Segment Start: Material to process
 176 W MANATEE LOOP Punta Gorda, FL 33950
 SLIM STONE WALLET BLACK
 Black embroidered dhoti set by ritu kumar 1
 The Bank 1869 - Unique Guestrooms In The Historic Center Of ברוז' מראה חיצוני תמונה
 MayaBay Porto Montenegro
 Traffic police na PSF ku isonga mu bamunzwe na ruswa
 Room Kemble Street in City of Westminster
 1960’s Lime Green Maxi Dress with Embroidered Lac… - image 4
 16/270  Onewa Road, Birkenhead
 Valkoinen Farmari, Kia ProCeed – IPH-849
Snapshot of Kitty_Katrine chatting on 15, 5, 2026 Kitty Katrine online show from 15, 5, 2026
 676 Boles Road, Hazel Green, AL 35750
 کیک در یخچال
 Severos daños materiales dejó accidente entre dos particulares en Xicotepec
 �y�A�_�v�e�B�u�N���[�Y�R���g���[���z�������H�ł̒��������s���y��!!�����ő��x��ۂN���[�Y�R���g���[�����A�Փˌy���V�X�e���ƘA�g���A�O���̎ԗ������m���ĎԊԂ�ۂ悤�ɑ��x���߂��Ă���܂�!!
Segment End: Material to process
Print exactly the lines above, between the one holding "1960’s Lime Green" and the one holding "Severos daños materiales", inclusive, and nothing besides.

 1960’s Lime Green Maxi Dress with Embroidered Lac… - image 4
 16/270  Onewa Road, Birkenhead
 Valkoinen Farmari, Kia ProCeed – IPH-849
Snapshot of Kitty_Katrine chatting on 15, 5, 2026 Kitty Katrine online show from 15, 5, 2026
 676 Boles Road, Hazel Green, AL 35750
 کیک در یخچال
 Severos daños materiales dejó accidente entre dos particulares en Xicotepec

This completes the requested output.